Records for the task>
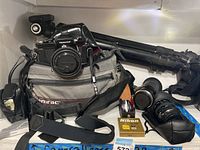 Full view of Nikon Nikkormat camera on Gamrac carry bag, black tripod behind, and various lenses and straps alongside on white surface.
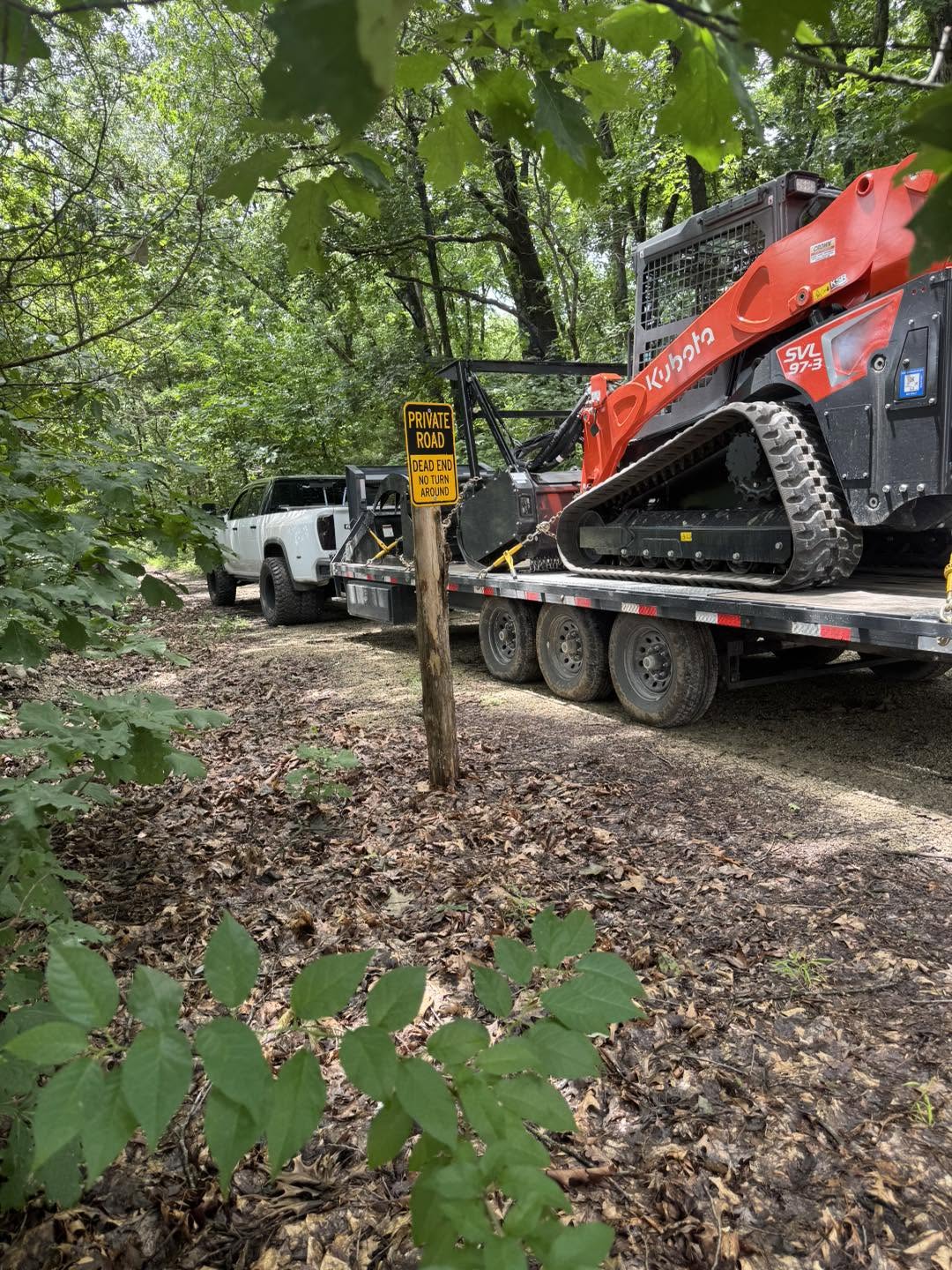 Kubota SVL97 on trailer arriving at job site
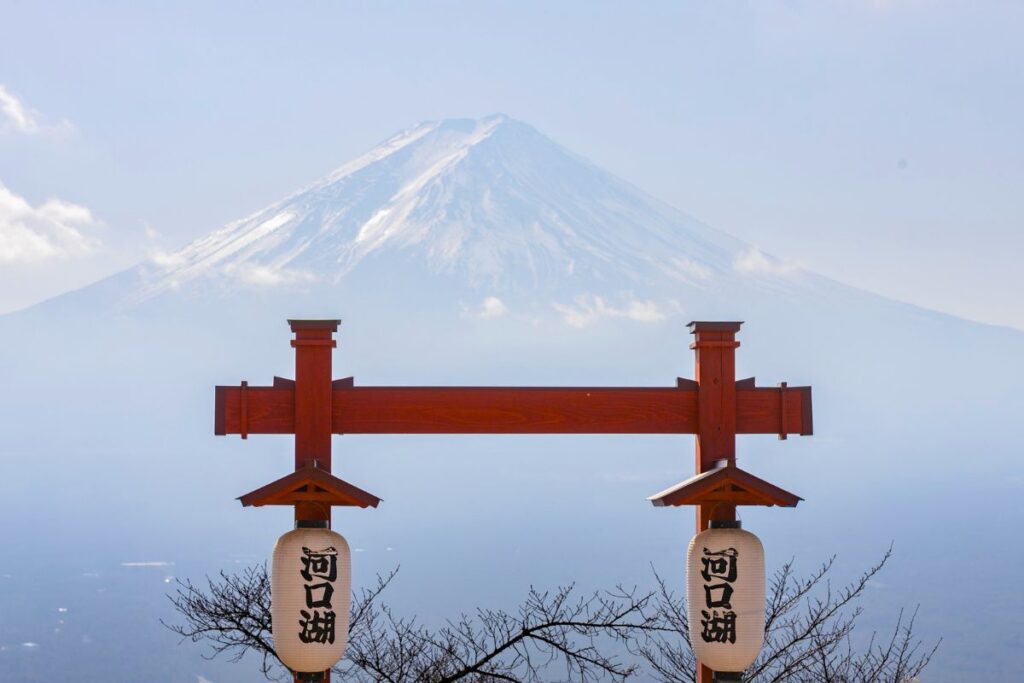 A close up shot of Mount Fuji with a red torii gate in front of it.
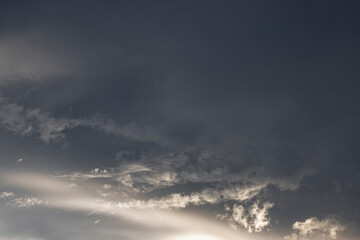 Storm clouds illuminated by sunlight in a blue sky before rain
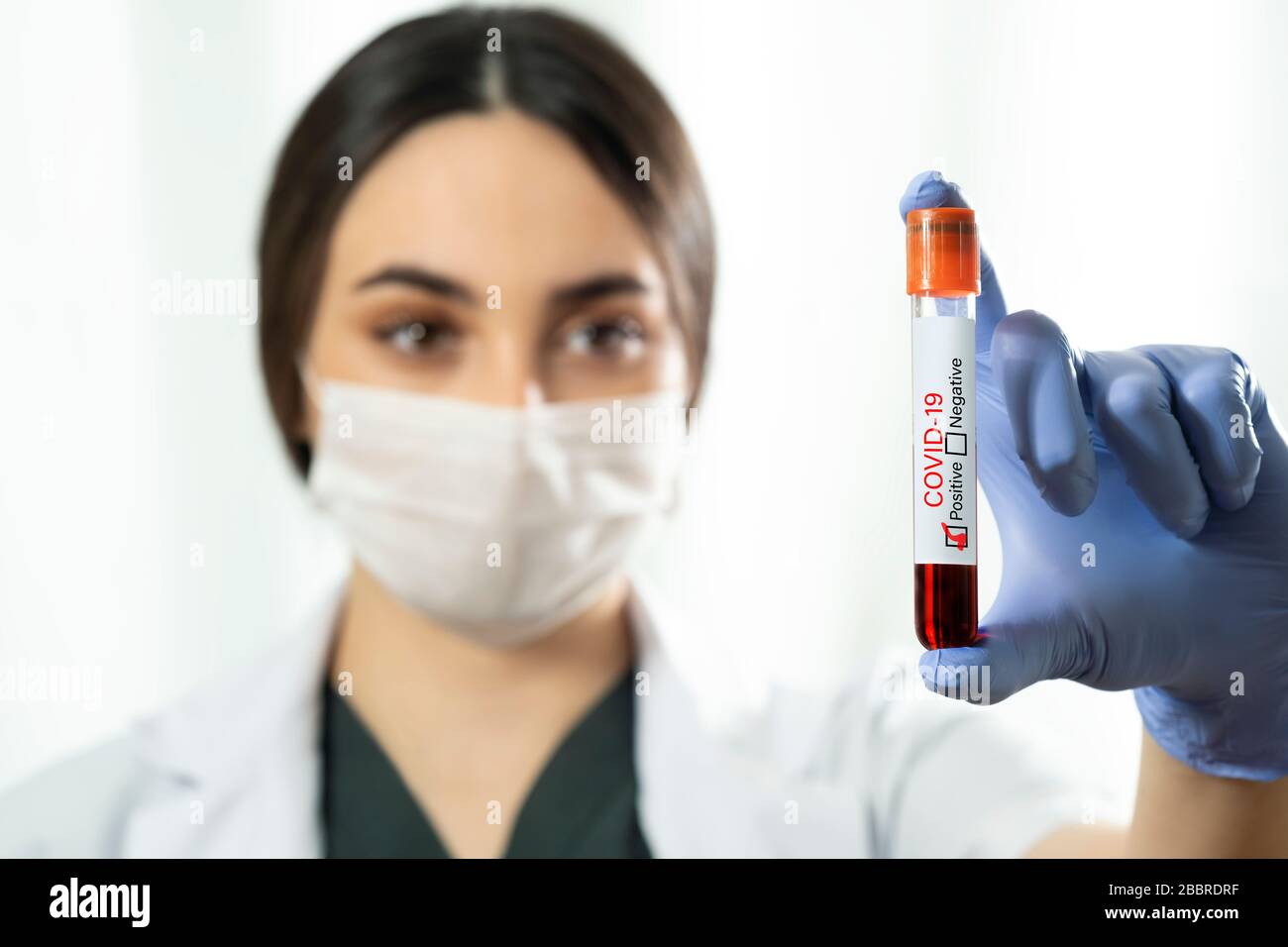Caucasian Woman doctor with surgical mask and blue colored examination gloves holding a blood test tube which is signed as covid-19 positive on a whit Stock Photo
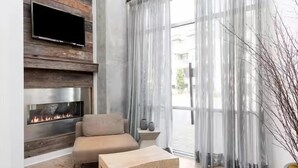 Una sala de estar moderna con chimenea, un sofá, una mesa de centro y cortinas translúcidas.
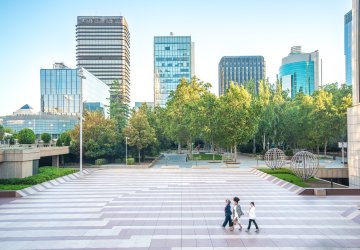 Tall real estate buildings in the back with persons walking through a park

Brief> Quote exactly the lines from the one that contains "A close up shot" through the end of the listing above, both ends included, leaving out the pictures.

Answer to the exercise>
 A close up shot of Mount Fuji with a red torii gate in front of it.
 Storm clouds illuminated by sunlight in a blue sky before rain
Caucasian Woman doctor with surgical mask and blue colored examination gloves holding a blood test tube which is signed as covid-19 positive on a whit Stock Photo
 Una sala de estar moderna con chimenea, un sofá, una mesa de centro y cortinas translúcidas.
 Tall real estate buildings in the back with persons walking through a park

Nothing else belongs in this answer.